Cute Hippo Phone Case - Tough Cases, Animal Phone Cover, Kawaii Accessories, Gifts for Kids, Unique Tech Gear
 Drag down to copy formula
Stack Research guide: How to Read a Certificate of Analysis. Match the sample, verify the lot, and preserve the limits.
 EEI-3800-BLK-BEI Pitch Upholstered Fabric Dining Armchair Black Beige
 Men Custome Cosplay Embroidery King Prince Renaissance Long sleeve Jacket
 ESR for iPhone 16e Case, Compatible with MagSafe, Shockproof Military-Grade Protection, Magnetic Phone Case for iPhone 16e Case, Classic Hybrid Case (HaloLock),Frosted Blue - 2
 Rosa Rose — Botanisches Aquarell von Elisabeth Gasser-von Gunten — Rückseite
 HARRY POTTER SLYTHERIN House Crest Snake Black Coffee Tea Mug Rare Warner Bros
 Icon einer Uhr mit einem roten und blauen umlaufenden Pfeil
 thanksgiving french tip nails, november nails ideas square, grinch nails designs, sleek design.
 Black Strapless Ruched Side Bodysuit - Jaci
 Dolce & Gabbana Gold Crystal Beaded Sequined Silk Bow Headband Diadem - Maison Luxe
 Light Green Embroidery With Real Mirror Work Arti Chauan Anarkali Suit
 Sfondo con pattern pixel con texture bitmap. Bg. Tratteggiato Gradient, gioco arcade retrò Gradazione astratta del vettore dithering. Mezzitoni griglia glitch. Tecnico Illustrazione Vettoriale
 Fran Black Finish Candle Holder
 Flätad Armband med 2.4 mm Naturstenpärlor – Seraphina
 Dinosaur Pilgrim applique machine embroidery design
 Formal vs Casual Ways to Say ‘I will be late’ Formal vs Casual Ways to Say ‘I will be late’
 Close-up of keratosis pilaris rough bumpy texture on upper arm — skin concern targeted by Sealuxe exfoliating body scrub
* * * * *
Task requirements. An exact, line-for-line copy is required: from the line containing "Light Green Embroidery" through the final line of the listing above, both included, with nothing else.

Solution to the exercise.
 Light Green Embroidery With Real Mirror Work Arti Chauan Anarkali Suit
 Sfondo con pattern pixel con texture bitmap. Bg. Tratteggiato Gradient, gioco arcade retrò Gradazione astratta del vettore dithering. Mezzitoni griglia glitch. Tecnico Illustrazione Vettoriale
 Fran Black Finish Candle Holder
 Flätad Armband med 2.4 mm Naturstenpärlor – Seraphina
 Dinosaur Pilgrim applique machine embroidery design
 Formal vs Casual Ways to Say ‘I will be late’ Formal vs Casual Ways to Say ‘I will be late’
 Close-up of keratosis pilaris rough bumpy texture on upper arm — skin concern targeted by Sealuxe exfoliating body scrub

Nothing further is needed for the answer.